No começo de dezembro de 1971, viajei de trem para Sydney, umas dez horas de viagem, para encontrar meu irmão Felix, minha tia Rose, seu marido Charles e seus nove filhos e netos, meus primos. Faziam dez anos que não via meu irmão. Como podia reconhecê-lo? Dez anos mudam muito a pessoa! Cheguei na Central Railway Station, mas como eu estava no pen último vagão, pensava que quando a multidão se esparramar, fica mais fácil identifica-lo. E foi isso que aconteceu! Vi dois moços de aproximadamente 22 anos vindo em minha direção e ouvi um perguntando ao outro: “Você tem alguma lembrança de seu irmão?” Ao qual, o outro respondeu: “Fazem 10 anos que não o vejo!” Pronto! Era meu irmão caçula; o outro era meu primo. Choramos de emoção! Me levaram para a casa da tia Rose, era uma chácara na cidade de Blacktown, uns 30 quilômetros longe de Sydney. Boa experiência de convívio fraterno com meu irmão e meus primos! Minha tia, muito religiosa, me fez conhecer o padre maltês Paul Baron, o qual cuidava dos interesses religiosos dos emigrantes malteses das regiões de Blackown e Penrith.

E, como se aproximava o tempo de Natal, ele me convidou para passar uns dias com ele para atender as confissões dos fiéis malteses, italianos e irlandeses nas diversas paróquias da redondeza. Muito especial foi a Missa de Natal, a meia noite, organizada pelo Centro “La Vallette” dos malteses, de acordo com as tradições de um Natal Maltês. No entanto, um dos meus primos, Paul, possuía um sítio transformado em pista de treinamento para cachorros de corrida, dos quais era treinador; aí, com seus filhos, ele organizou uma linda festa natalina para seus familiares, funcionários e amigos com comida, bebida e muitos presentes. Adivinhem quem foi o Papai Noel? Sim! Eu mesmo!
Faltava a última cidade a ser visitada para completar minha ronda australiana e conhecer todos os meus familiares. Era a cidade de Broken Hill, no interior do Estado de New South Wales (Nova Gales do Sul) próximo a fronteira com o Estado da Austrália Meridional.

Aqui morava um tio meu, irmão da minha mãe, que não cheguei a conhecer porque já tinha falecido.
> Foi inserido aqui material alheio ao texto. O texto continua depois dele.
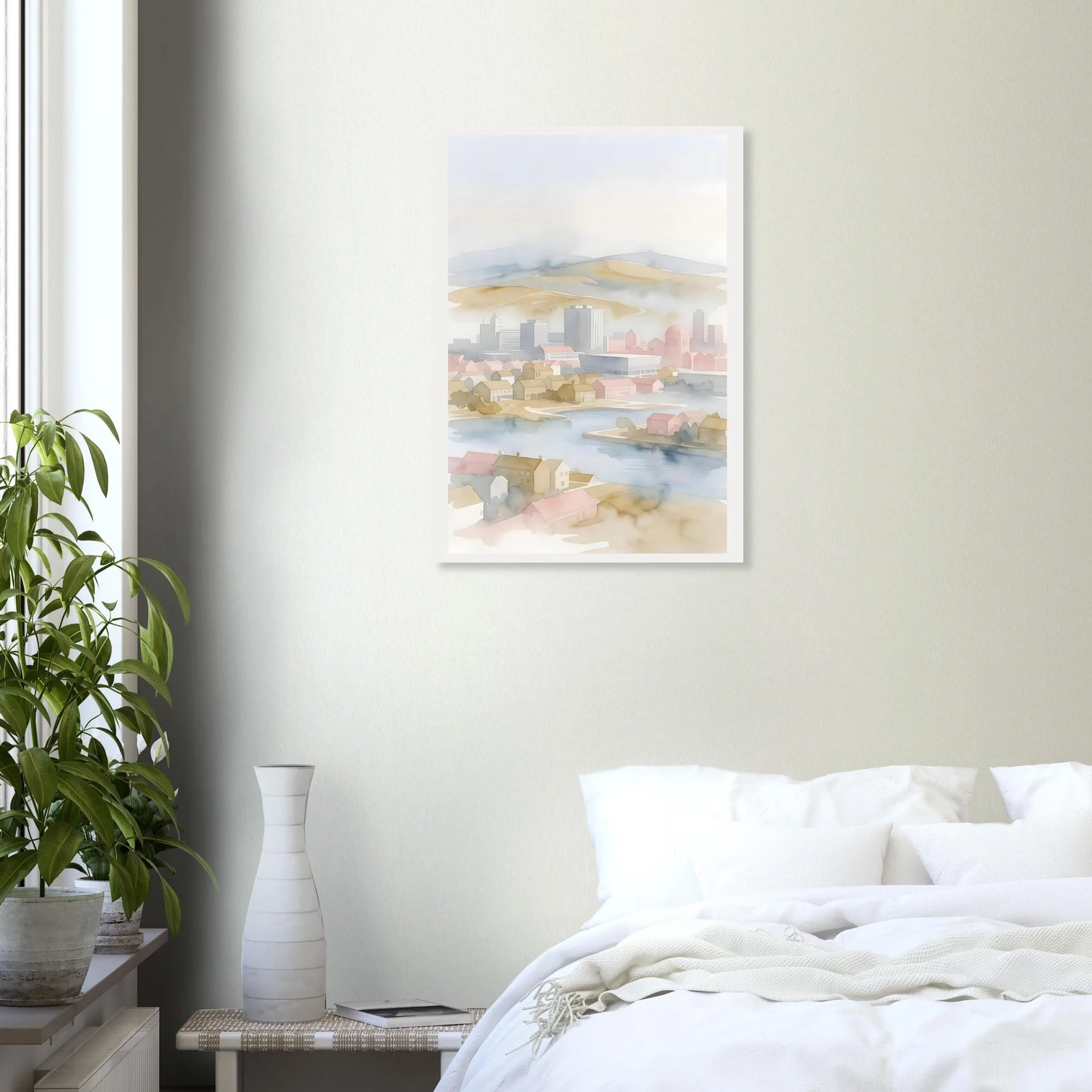 Watercolour landscape poster of Eindhoven — warm minimalist design, from €19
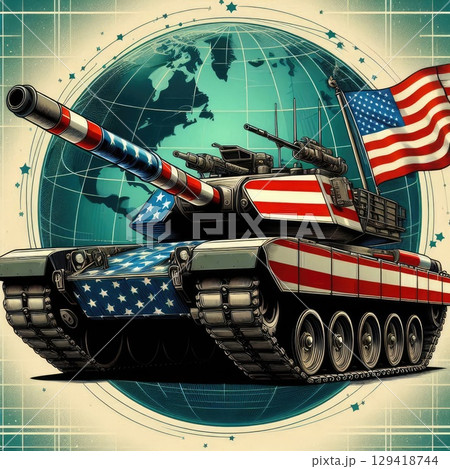 Tariff wars: American flag tanks in global context with Generative AI. 129418744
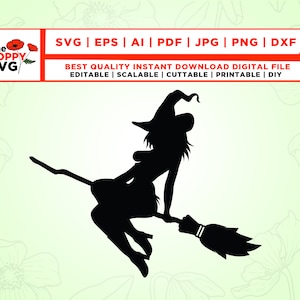 May include: Black silhouette of a witch riding a broom, wearing a pointed hat. The image is a digital file, with text indicating it is scalable, editable, and printable. The Poppy SVG logo is in the upper left corner.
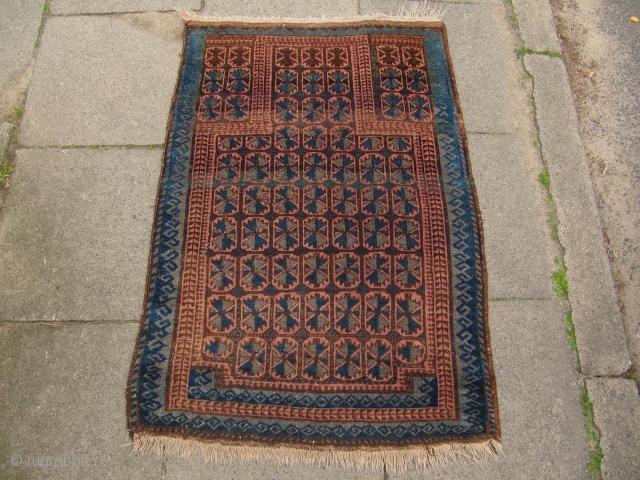 Antique Baluch prayer rug . Origin : North-West Afghanistan . Size : ca. 130cm x 90cm ( 4'2''ft x 2'9''ft ) Nice collector´s piece.         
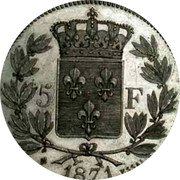 France 5 Francs (Essai) 5 F 1871 ESSAI 5 FRANCS coin reverse France 5 Francs (Essai) 5 F 1871 ESSAI 5 FRANCS coin reverse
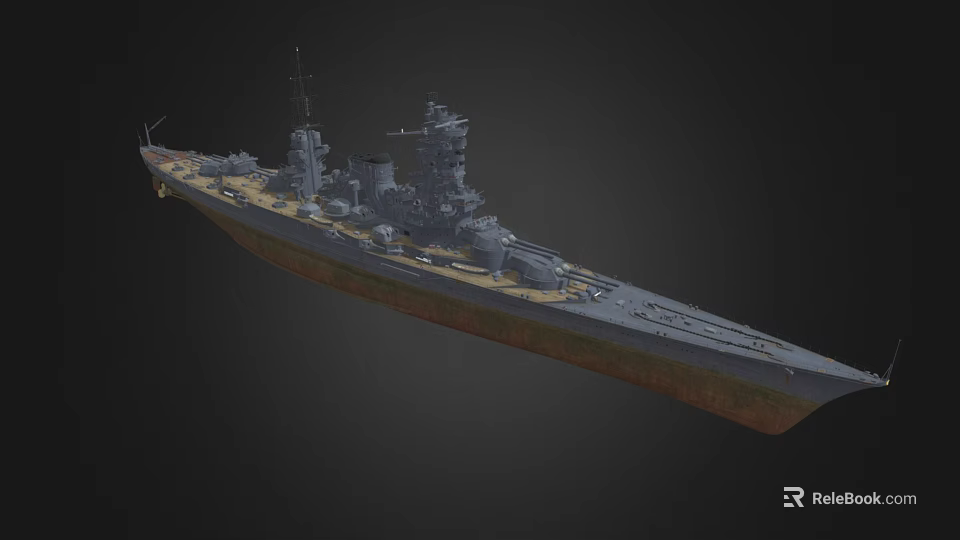 Large Military Battleship Featuring Turret Gray Hull And Deck Structure 3d model 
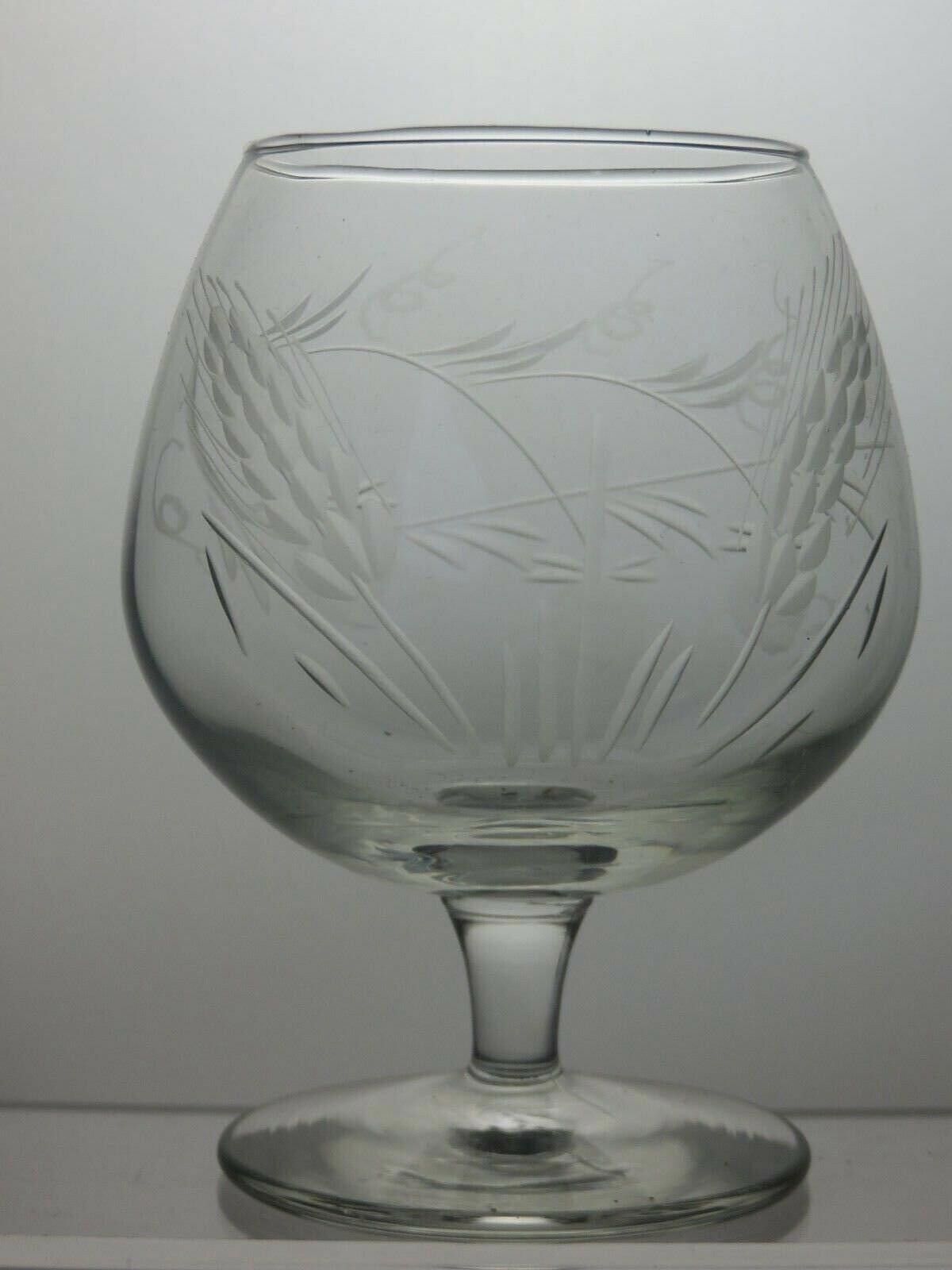 The Unbranded Brand Vintage Etched Crystal Set Of 4 Brandy Glasses 4 1/2" Size ONE SIZE - 2 Thumbnail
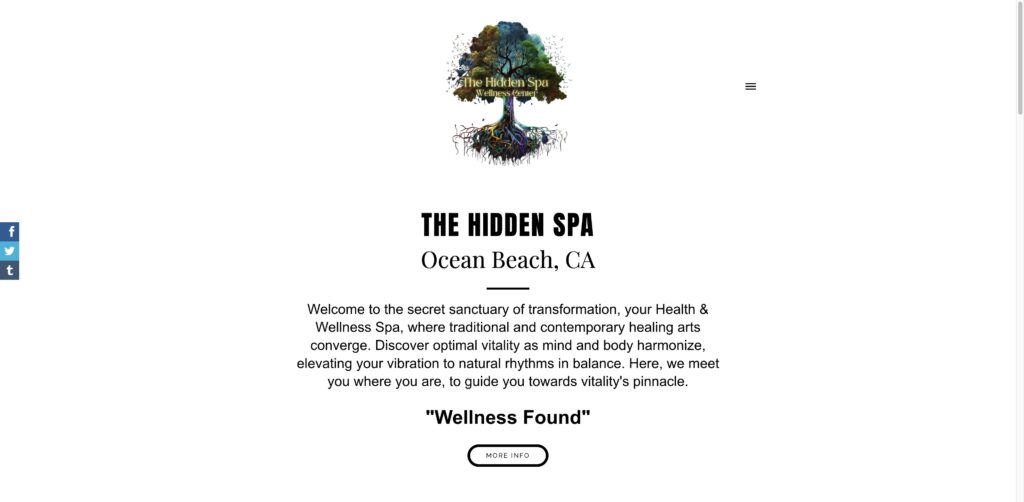 Website screenshot of The Hidden Spa Inc. - Massage and wellness centers in 4969 Santa Monica Ave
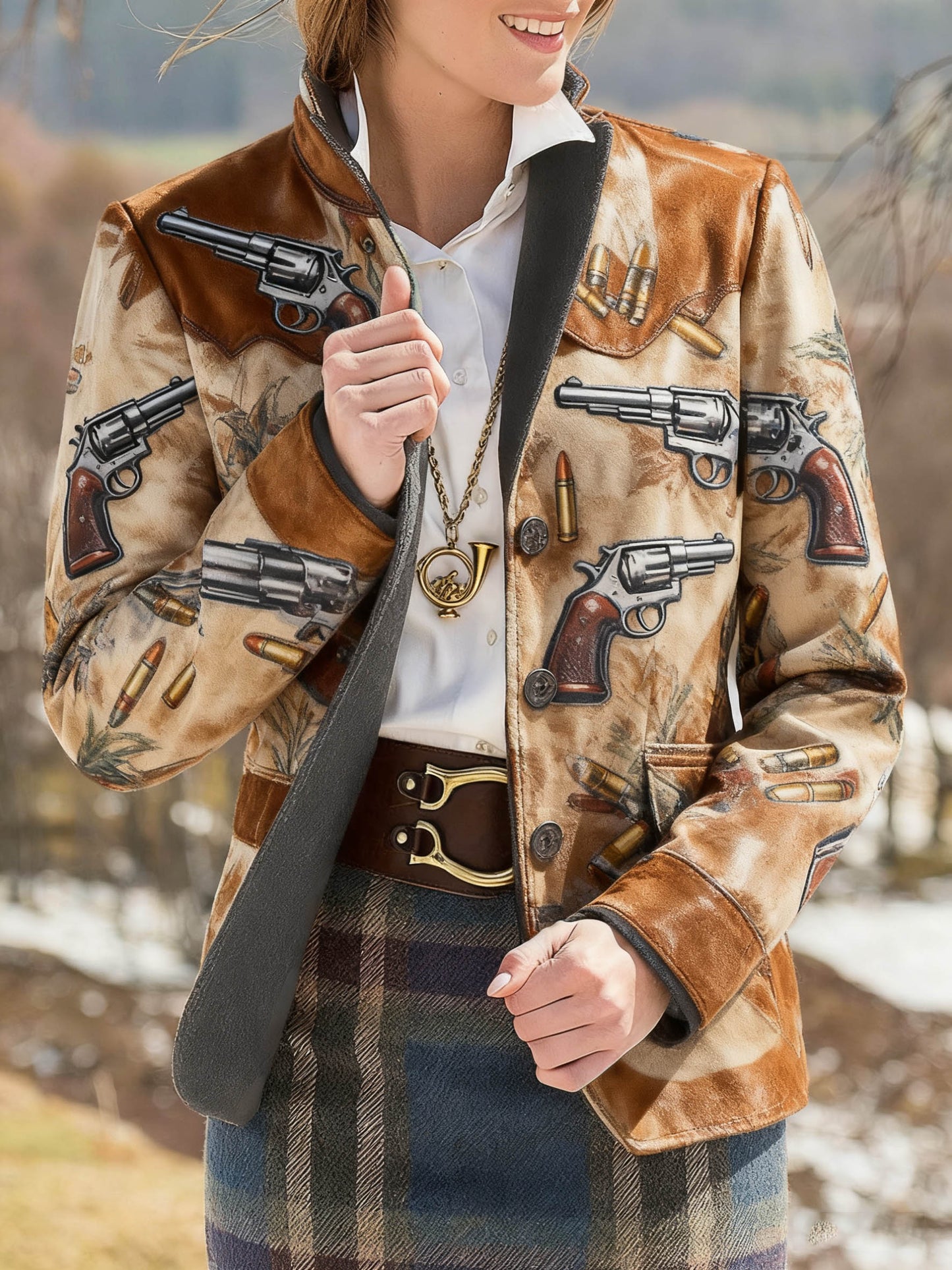 Women's Pistol Print Slim Fit Suit Jacket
Encontrei a esposa dele, Georgia, já muito idosa e sua filha Maria Antonia, casada com Tony, também ele emigrante maltês desde sua infância e seus cinco filhos: quatro meninas e um menino.

Como nesta cidade tem muitas minas, a maioria dos seus habitantes trabalha nas minas. Gostei muito de conhecer estes primos, tão distantes dos demais que moram em cidades grandes.

Assim, minha primeira visita à Austrália terminou no final de janeiro de 1972, quando embarquei novamente no navio “Achille Lauro”, desta vez como passageiro, de volta à Europa, passando do outro lado do mundo: Sydney – Wellington (Nova Zelândia) – Punta Arenas (Chile)- Buenos Aires (Argentina) – Rio de Janeiro – Santa Cruz de Tenerife (Canárias) – Vigo (Espanha) – Southampton (Inglaterra) – Gênova (Itália) – Malta.